Selain itu, dalam konteks yang lebih luas, dalam UU Ormas terdapat asas “Contrarius Actus”, yang artinya Pemerintah sebagai badan/Pejabat TUN punya kewenangan menerbitkan dan sekaligus berwenang untuk menarik kembali keputusannya, dengan tidak mengurangi hak dari pihak yang merasa dirugikan untuk dapat mengajukan gugatan ke PTUN.

Apa syarat sebuah organisasi itu bisa dibubarkan?
Berdasarkan ketentuan pasal 61 ayat (1) huruf c dan ayat 3 huruf b UU Ormas, Suatu ormas dapat dibubarkan jika dilakukan pencabutan atas surat keterangan terdaftar oleh kementerian dalam negeri atau pencabutan status badan hukumnya oleh kementerian hukum dan HAM yang sekaligus dinyatakan bubar jika melanggar ketentuan yang diatur dalam UU ormas, misalnya Pasal 59 ayat 4 huruf c UU Ormas mengenai larangan menganut, mengembangkan, serta menyebarkan ajaran atau paham yang bertentangan dengan Pancasila.
Apakah ada peluang yg berkeberatan atas pembubaran FPI membawa ke ranah hukum seperti apa mekanismenya secara hukum?
Dalam negara hukum, setiap tindakan pemerintah senantiasa dapat diuji kebenaran dan objektifitasnya melalui pengadilan dalam hal ini Pengadilan Tata Usaha Negara (PTUN) dengan cara mengajukan gugatan yang berisi dalil-dalil dan tuntutan agar pengadilan membatalkan atau setidak-tidaknya menunda suatu Keputusan Tata Usaha Negara (KTUN).

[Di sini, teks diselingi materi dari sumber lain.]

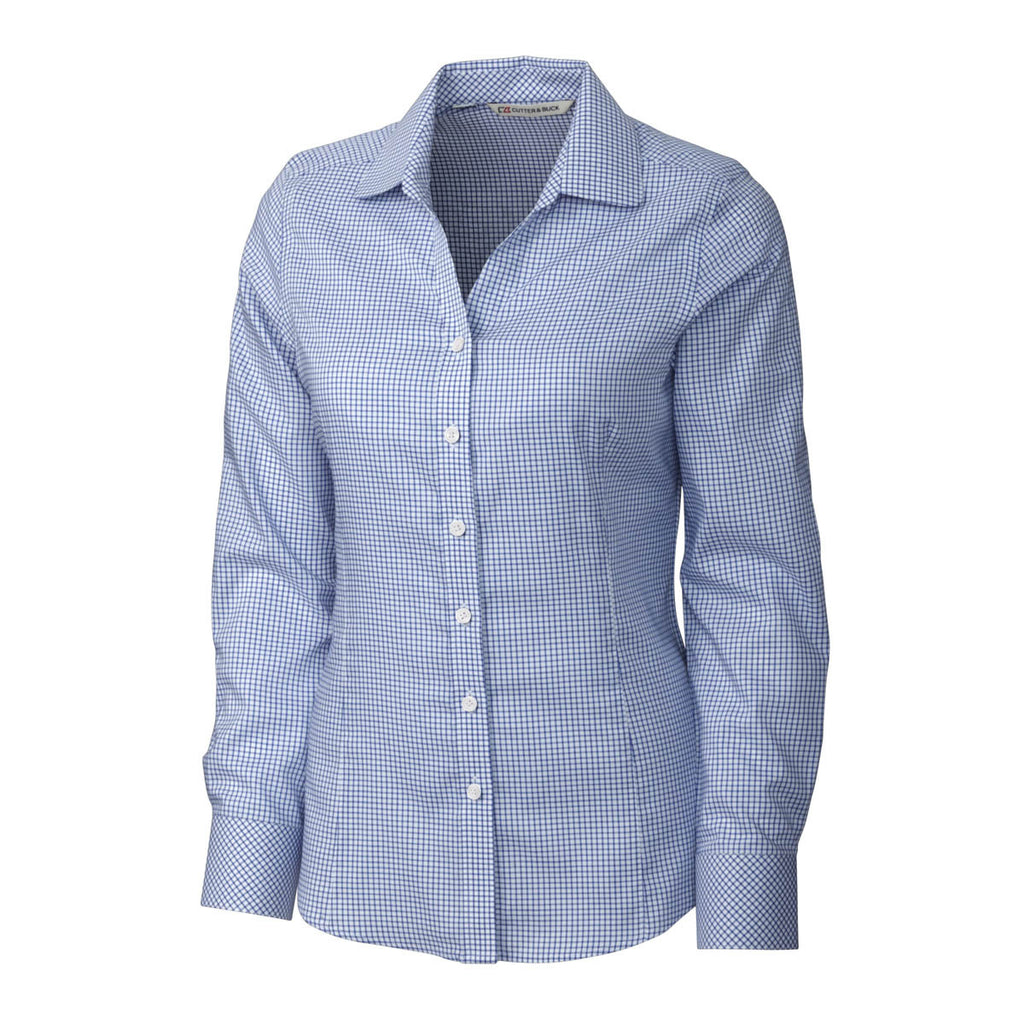 Cutter & Buck Women's French Blue LS Epic Easy Care Tattersall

FPI sdh berubaha nama kira kira apakah ada peluang utk pemerintah mengeluarkan ijin atau..?
Sepanjang anggaran dasar dari suatu Ormas memenuhi persyaratan yang ditentukan oleh UU dan tidak melakukan pelanggaran atas hal-hal yang diatur dalam UU Ormas, maka atas dasar perlindungan terhadap kebebasan berserikat dan berkumpul yang dijamin konstitusi, maka pemerintah akan memproses seluruh permohonan dari ormas manapun untuk mendapatkan SKT ataupun status badan hukum.
Penegakkan hukum seperti apa yang diharapkan dari pemerintah agar suasana tak gaduh kembali?

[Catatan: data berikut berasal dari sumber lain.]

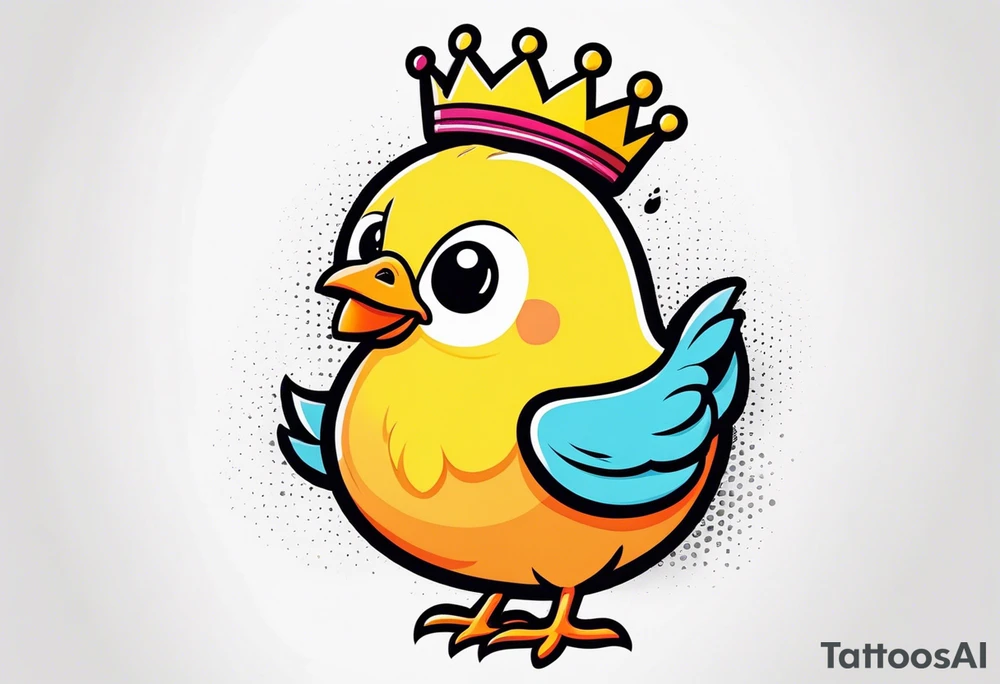 small cute cartoon chicken with small crown on the head tattoo idea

Penegakan melalui hukum pidana sebagai suatu upaya yang ultimum remedium adalah diperlukan, manakala personil -personil dari kelompok masyarakat tertentu juga masih tetap melakukan hal-hal yang dilarang, sebagaimana dimaksud dalam Pasal 169 KUHP, 107 b KUHP dan sanksi pidana yang diatur dalam UU ormas.
PPHKI pernah meminta pak Wiranto utk menindak tegas ormas radikal apakah bisa diartikan ini suatu jawaban PPHKI?
PPHKI tidak pernah secara spesifik meminta pemerintah untuk menindak suatu ormas tertentu atas dasar penilaian sepihak (subjektif), melainkan hal tersebut merupakan suatu permintaan secara umum, yaitu sebagai bentuk legitimasi moral, agar pemerintah tidak ragu untuk melakukan tindakan tegas terhadap ormas-ormas yang melakukan tindakan atau kegiatan intoleran yang bertentangan dengan Pancasila dan Bhinneka Tunggal Ika, semata-mata untuk merawat persatuan dan kesatuan dari bangsa Indonesia yang begitu majemuk suku, agama, ras dan antar golongannya.